▶ [Problem description]: No picture should appear in the copy. Transcribe exactly, and only, the lines from the one with "Escritorio de cuatro" through the last line of the data below.
_ _ _
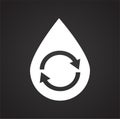 Water ecology icon on black background for graphic and web design, Modern simple vector sign. Internet concept. Trendy symbol for Royalty Free Stock Photo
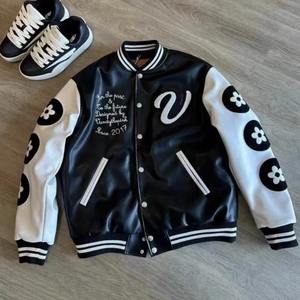 Hiver Noir Vandythepink Cuir Véritable Toile Imperméable Respirant Brodé Lettre Impression Baseball Jersey Street Patchwork - Product Image 5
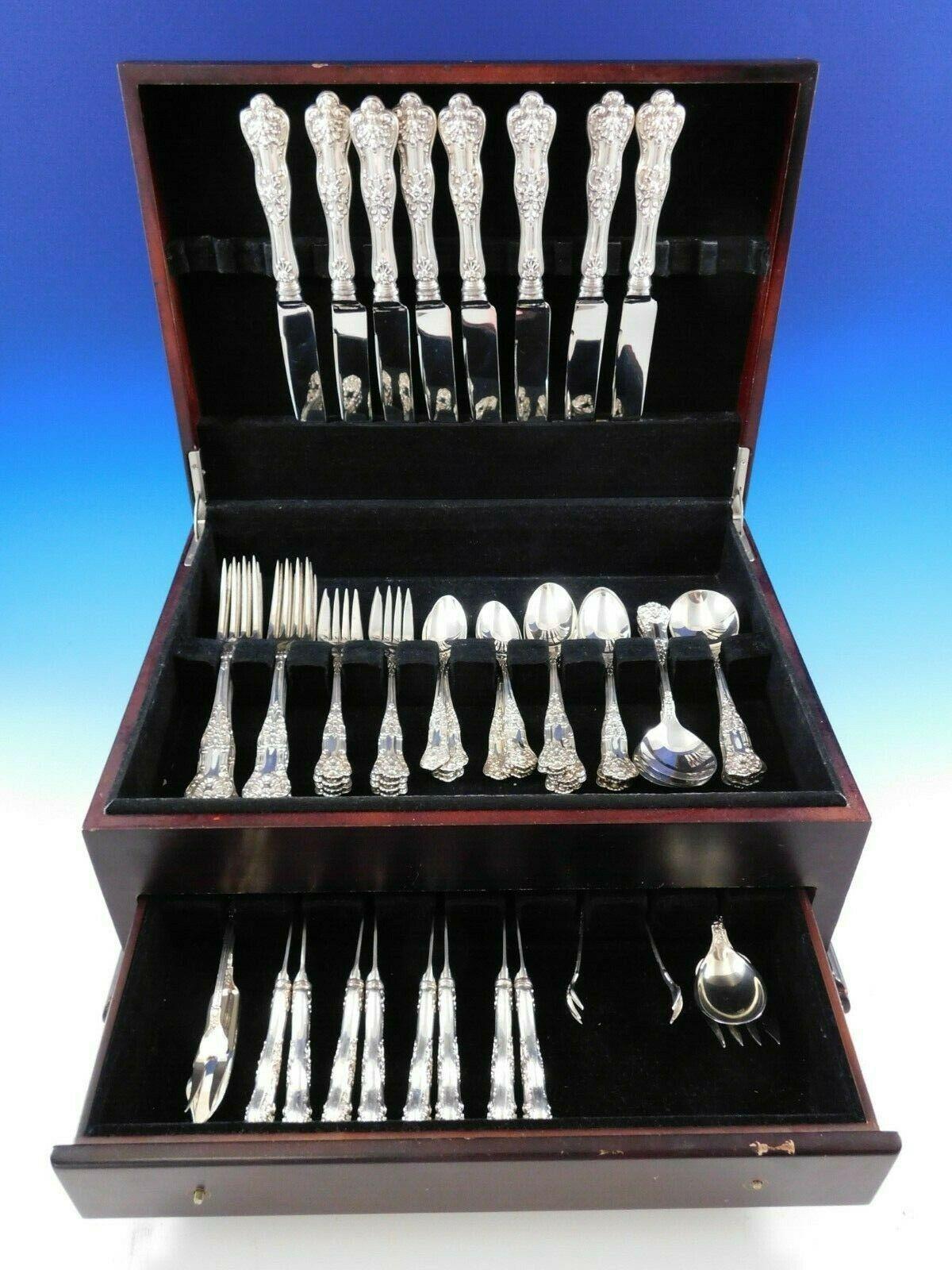 Dinner Size Queens by Birks (Canada) sterling silver Flatware set with classic shell motif, 61 Pieces. This set includes:

8 dinner size knives, 10 1/4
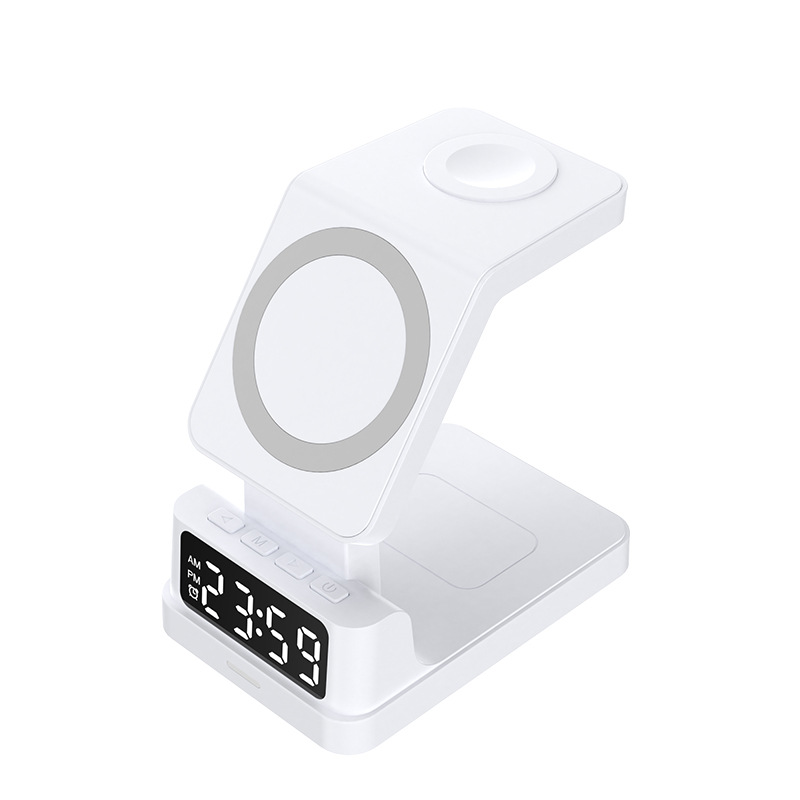 Escritorio de cuatro en un soporte magnético del teléfono móvil cargador inalámbrico 15W multifunción con reloj digital cargador inalámbrico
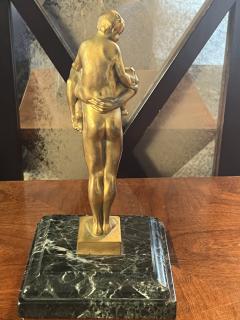 ART DECO WOMAN CHILD AND DACHSUND GILT BRONZE ON BLACK WHITE VEINED MARBLE BASE - 3876241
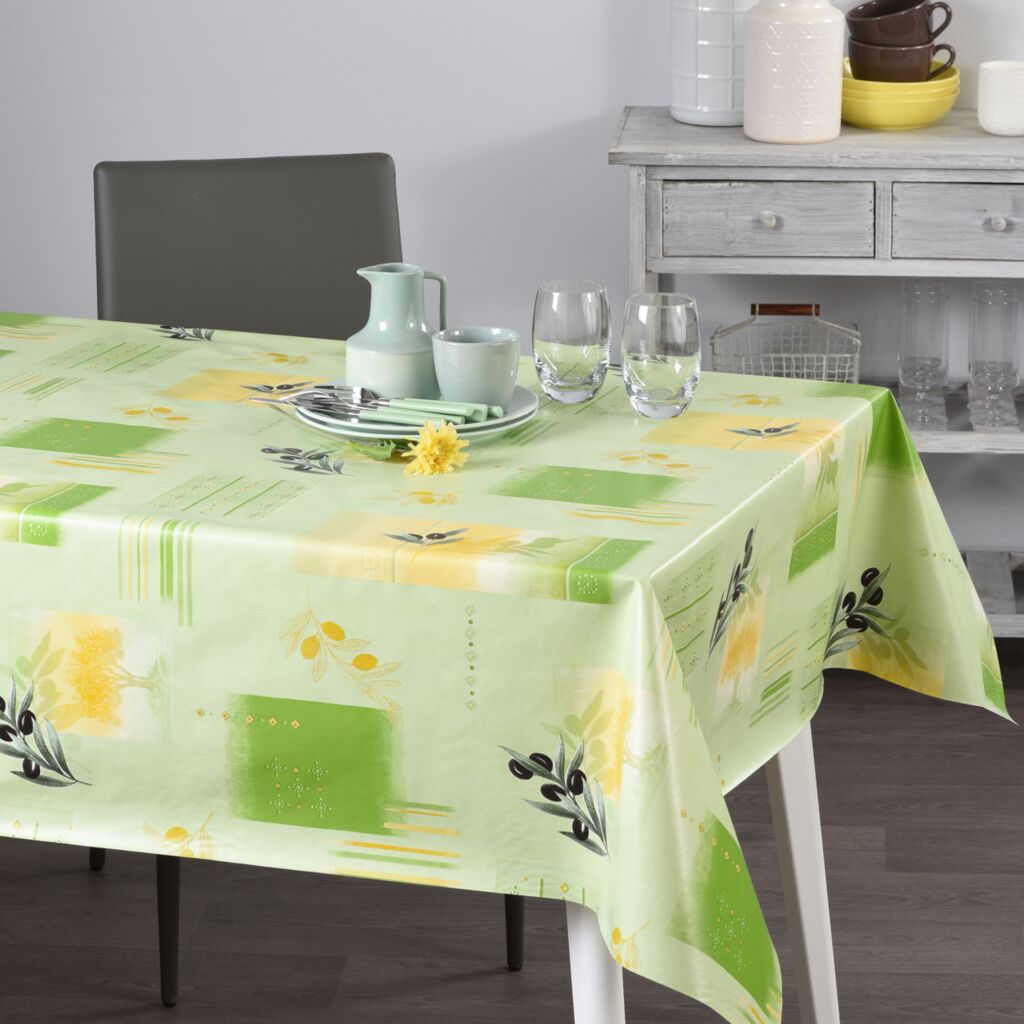 Nappe toile cirée Olive vert - 140x140cm, carrée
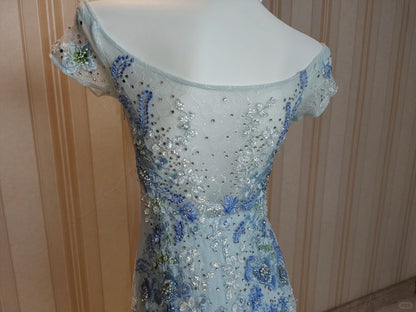 Elegant Mermaid Off The Shoulder Grey With Lace 18th Birthday Elegant Outfit Formal Prom Dresses N4197
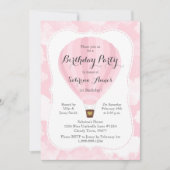 Invitation Balloon rose chaud Fille Anniversaire (Devant)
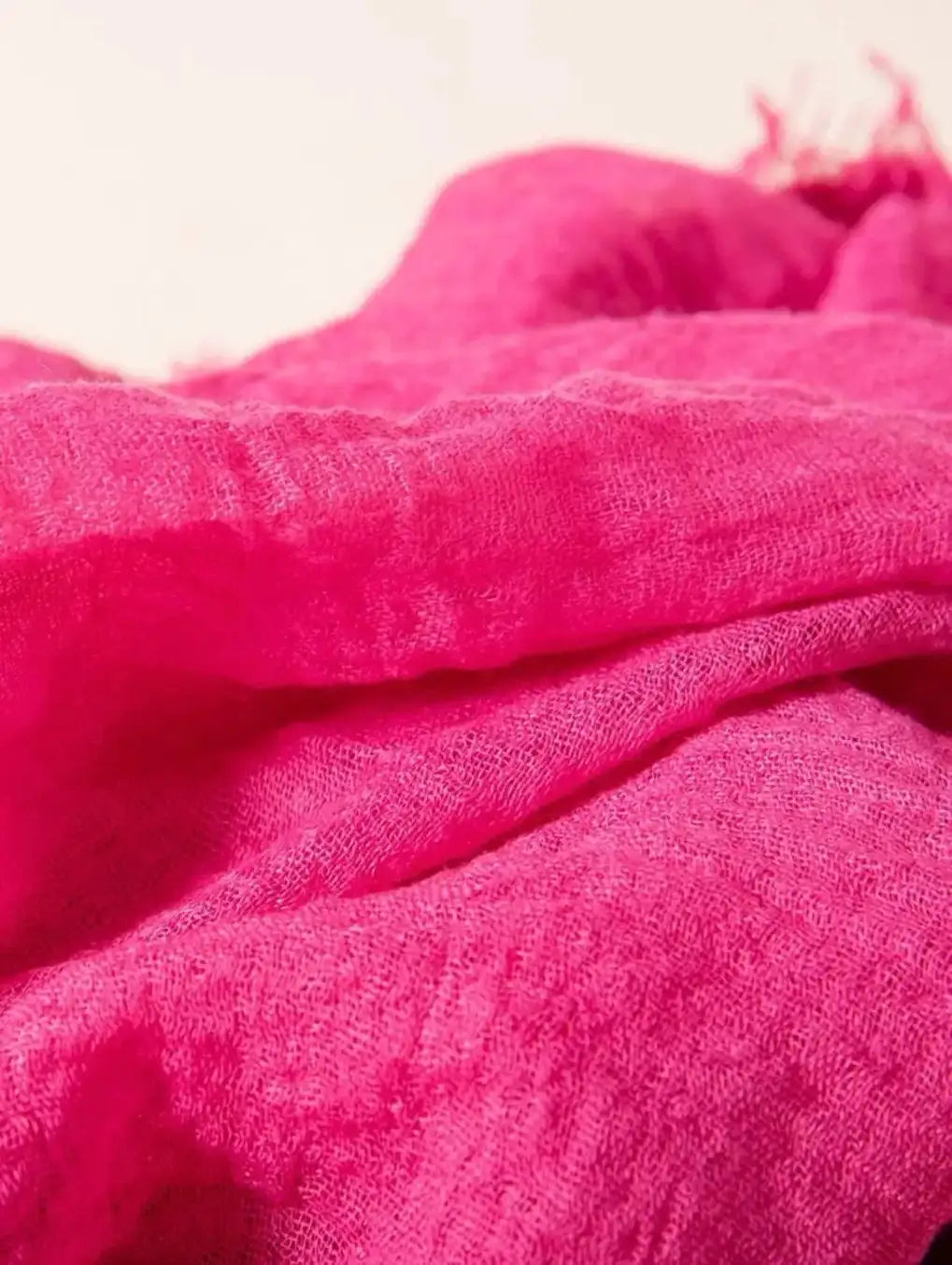 Pink Cotton Scarf for Women - Cotton Scarf Bright Pink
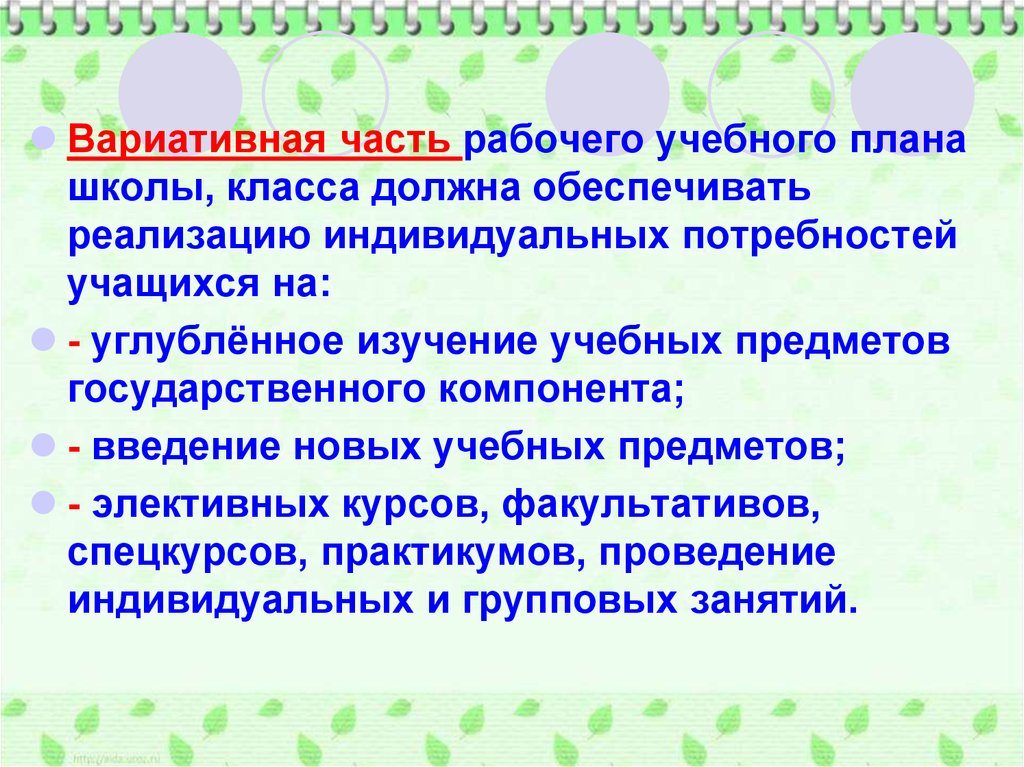 Что такое вариативная часть учебного плана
_ _ _
▶ [Task result]:
 Escritorio de cuatro en un soporte magnético del teléfono móvil cargador inalámbrico 15W multifunción con reloj digital cargador inalámbrico
 ART DECO WOMAN CHILD AND DACHSUND GILT BRONZE ON BLACK WHITE VEINED MARBLE BASE - 3876241
 Nappe toile cirée Olive vert - 140x140cm, carrée
 Elegant Mermaid Off The Shoulder Grey With Lace 18th Birthday Elegant Outfit Formal Prom Dresses N4197
 Invitation Balloon rose chaud Fille Anniversaire (Devant)
 Pink Cotton Scarf for Women - Cotton Scarf Bright Pink
 Что такое вариативная часть учебного плана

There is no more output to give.